▸ Data records
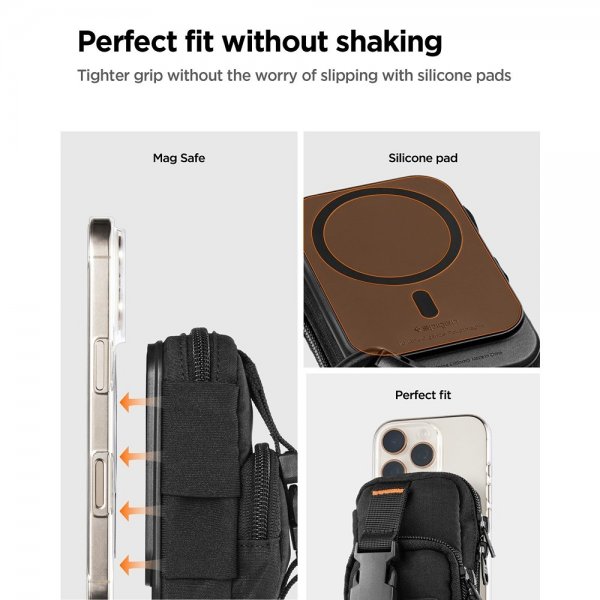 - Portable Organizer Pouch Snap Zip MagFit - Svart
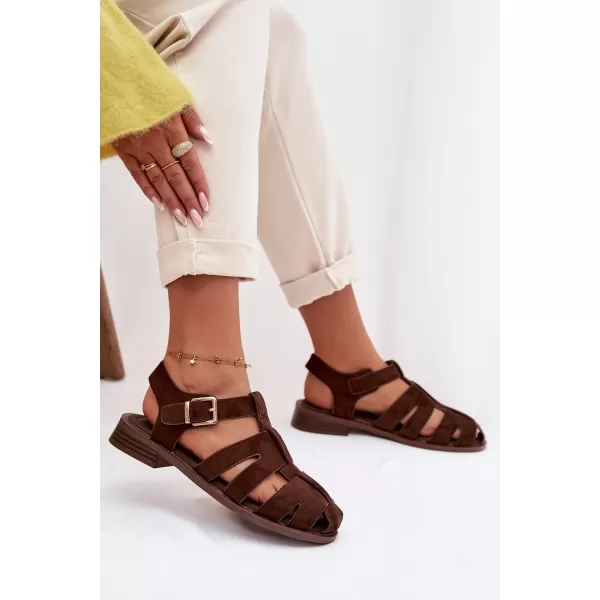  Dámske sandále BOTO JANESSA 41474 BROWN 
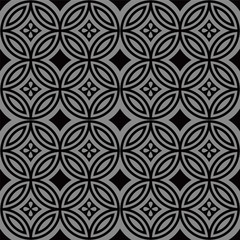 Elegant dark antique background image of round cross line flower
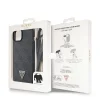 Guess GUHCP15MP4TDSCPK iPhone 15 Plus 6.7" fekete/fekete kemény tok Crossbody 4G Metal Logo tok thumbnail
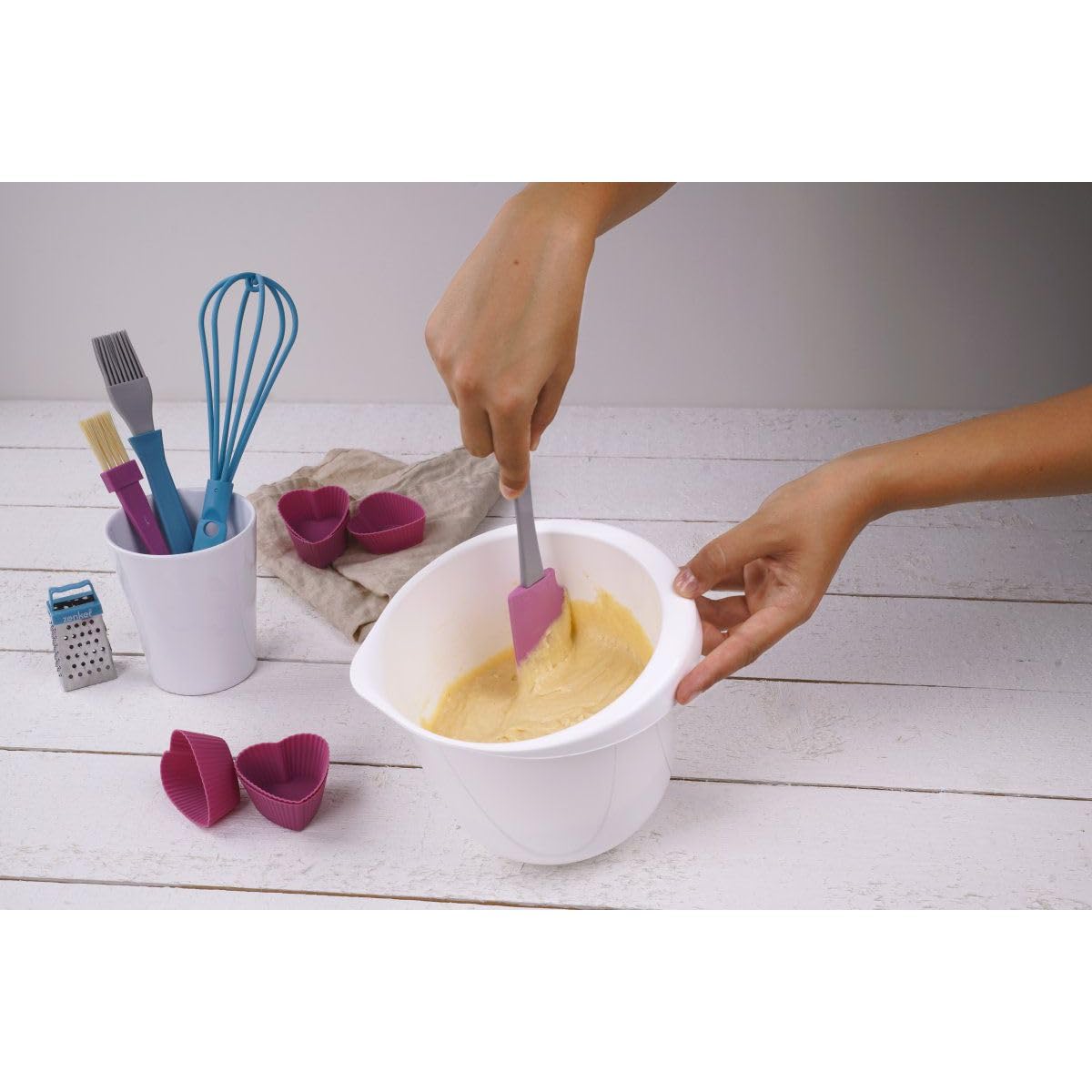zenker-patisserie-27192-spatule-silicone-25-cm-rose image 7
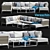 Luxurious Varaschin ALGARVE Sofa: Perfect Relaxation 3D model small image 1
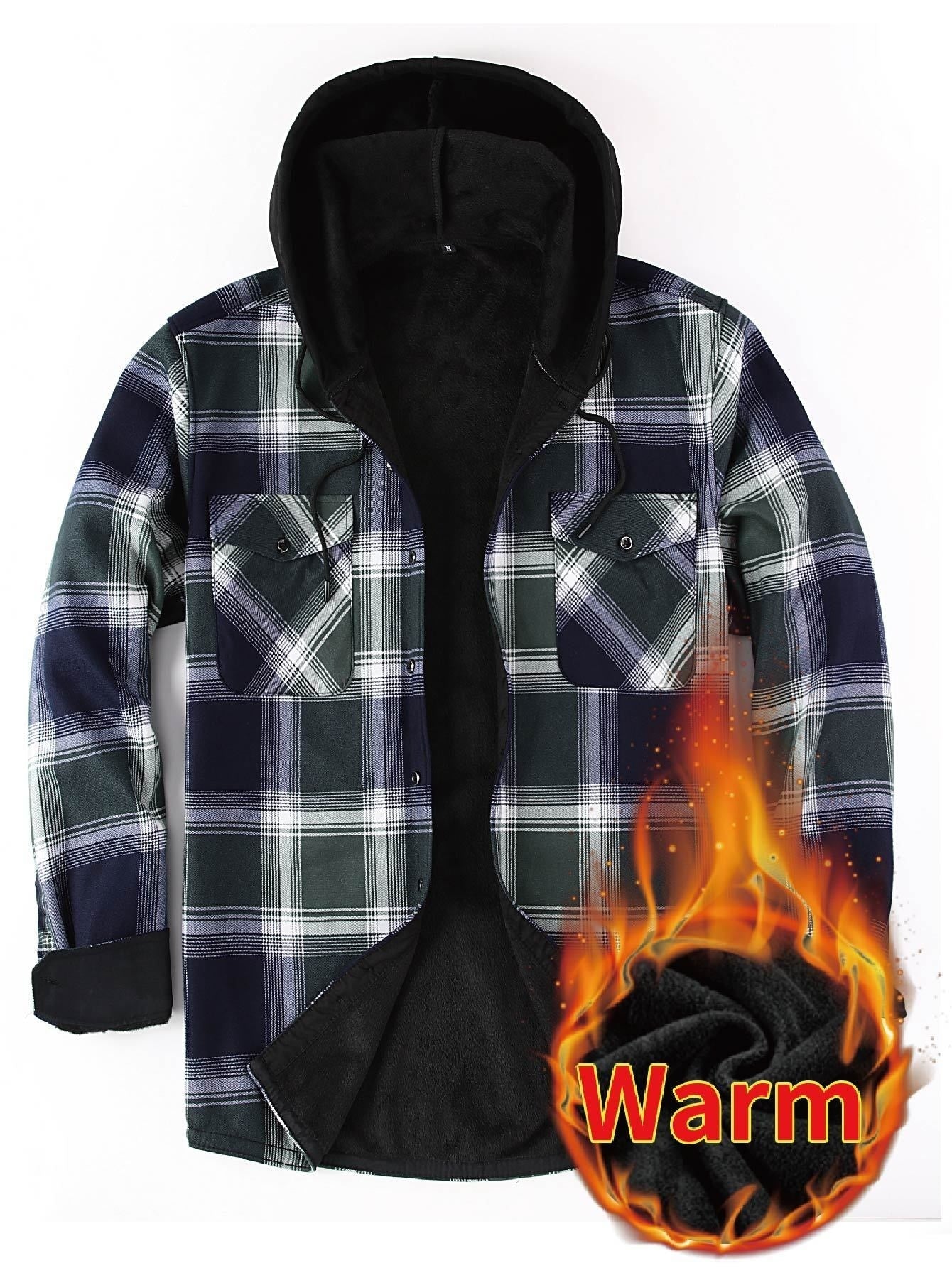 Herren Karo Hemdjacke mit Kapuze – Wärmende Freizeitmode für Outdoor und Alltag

▸ Assignment
Please return exactly, and only, the lines from the one containing "Dámske sandále BOTO JANESSA 41474 BROWN" through the end of the records, with both end lines kept and every picture dropped.

▸ Reply to the task
  Dámske sandále BOTO JANESSA 41474 BROWN 
 Elegant dark antique background image of round cross line flower
 Guess GUHCP15MP4TDSCPK iPhone 15 Plus 6.7" fekete/fekete kemény tok Crossbody 4G Metal Logo tok thumbnail
zenker-patisserie-27192-spatule-silicone-25-cm-rose image 7
 Luxurious Varaschin ALGARVE Sofa: Perfect Relaxation 3D model small image 1
 Herren Karo Hemdjacke mit Kapuze – Wärmende Freizeitmode für Outdoor und Alltag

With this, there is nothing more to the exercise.